My wife loves Yahtzee, but the problem with Yahtzee is that, as most games involving rolling dice, it's particularly hard to play on the go and has been relegated to the dinner table. This year, I decided to remedy that and make her a more portable version of the game.

The result is a pocketable device with a machined aluminum case, tactile buttons, LED dice displays, and a custom PCB running firmware I compiled to WASM for browser-based testing before the hardware even arrived. You can try the simulator yourself to see how it plays. The whole project took about 5 weeks from initial concept to assembled, working device.

Design Constraints

Going into this project, I knew I wanted something that felt premium and played like the actual game, so I set myself a few constraints:

• No screens: Yahtzee is a tactile game and I wanted my travel version to stay as analog as possible. Touching a pane of glass would defeat that purpose.
• Pocketable: if it doesn't fit in your pocket, it's not travel friendly.
• Premium: we're talking Christmas present here, a cheap 3D printed plastic case won't cut it.

With this in mind, I knew I needed to keep a physical paper score pad: writing down the combinations you roll and tallying your score at the end is all part of the experience. I found a company that makes custom score pads with no minimum order, and in a happy accident, the height of their smallest pad is almost exactly 5 dice tall. This essentially determined the entire layout and dimensions of the device.

Electronics

With the form factor determined, I started working on the electronics. The device needed to:

• Generate random dice rolls
• Display the values of 5 dice
• Show the number of remaining rolls
• Lock and unlock individual dice
• Handle button inputs

For the dice displays, I opted for a 3×3 grid of LEDs for each die instead of the traditional 7-LED arrangement. While only 7 LEDs are needed to show dice faces, the 3×3 grid would prove useful later for scrolling text and animations. I added a few more LEDs to indicate remaining rolls and the locked status for each die, along with buttons for rolling and locking.

I selected an ATtiny1616 as the microcontroller, more than enough computing power to run the game logic and handle all the I/O. An IS31FL3729 matrix LED driver handles all the LEDs, freeing up GPIO pins and simplifying the routing. For power, I used the same USB-C rechargeable battery circuit I've iterated on across multiple projects.

The random number generation uses a linear congruential generator, re-seeded with the number of milliseconds since power-on whenever the player presses the roll button. This ensures each game session produces a different sequence of rolls.

I routed the PCB as a 4-layer board (necessary given the routing density with so many LEDs in such a small space). The board went to JLCPCB for fabrication and SMT assembly. Given the size constraints, I used 0402 components throughout, and I definitely didn't want to hand-solder dozens of those.

Case

The case design was straightforward in some ways (the score pad dictated both the height and thickness) but challenging in others.

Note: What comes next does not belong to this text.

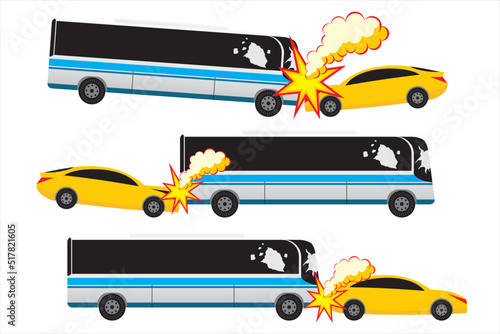 Traffic accident. Bus crash concept illustration. Crash on the road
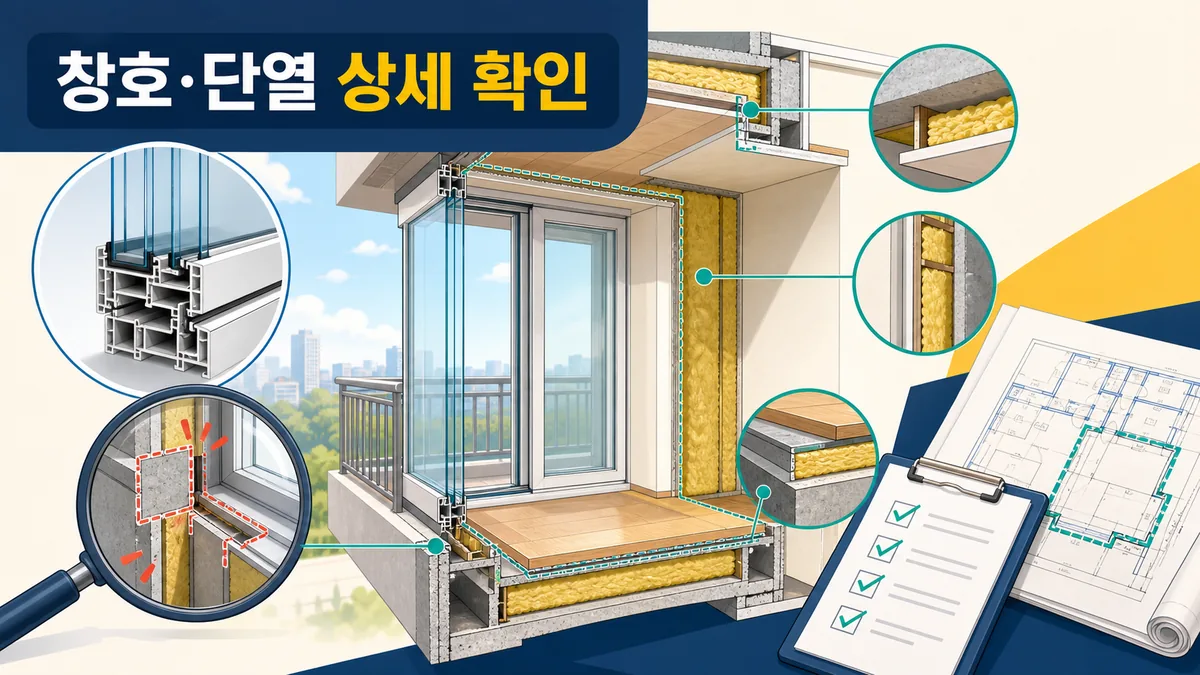 발코니 확장 창호 단면과 벽 바닥 천장 단열 연결부, 계약 도면의 상세 사양을 확인하는 카드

I wanted a machined aluminum case with anodized finish to meet the "premium" constraint. Each LED area needed a recessed pocket where I could inlay a small piece of acrylic to diffuse the light.

Space was extremely tight, so I designed custom buttons and sliders from scratch. Having these small mechanical parts machined from metal would have been prohibitively expensive, so I had them printed in MJF nylon instead. They turned out wonderfully: the buttons are satisfyingly clicky and tactile, exactly what I was hoping for.

I sent the metal parts to JLCCNC for manufacturing, the acrylic diffusers to Ponoko, and the buttons and sliders to CraftCloud3D. For the LEDs, I chose warm amber instead of white (less harsh on the eyes and it gives the device a nicer aesthetic).

Software

While waiting for the hardware to be manufactured, I turned my attention to the firmware. From the start, I decided to treat this as a "serious" project and introduced a Hardware Abstraction Layer (HAL) to cleanly separate the application logic from the hardware-specific code.

Architecture

The HAL acts as an interface between the game logic and the actual hardware. The application code makes calls like "turn on LED (2,3)" or "read button 5" without knowing anything about the underlying hardware registers or protocols. This separation enabled some powerful development workflows.

Testing

By writing a virtual HAL that targets my development machine, I was able to write comprehensive tests for all the game logic with 100% code coverage. The tests run on my laptop, not on the microcontroller, but exercise the exact same application code that runs on the device. This caught several edge cases in the game state machine before I ever had hardware in hand.

WASM Simulator

The HAL abstraction had another benefit: I could create a different virtual HAL targeting HTML/JavaScript. By compiling the firmware to WebAssembly with this HAL, I built a browser-based simulator that runs the actual game logic. You can click around and play with it yourself; it's the real firmware, just running in your browser instead of on an ATtiny.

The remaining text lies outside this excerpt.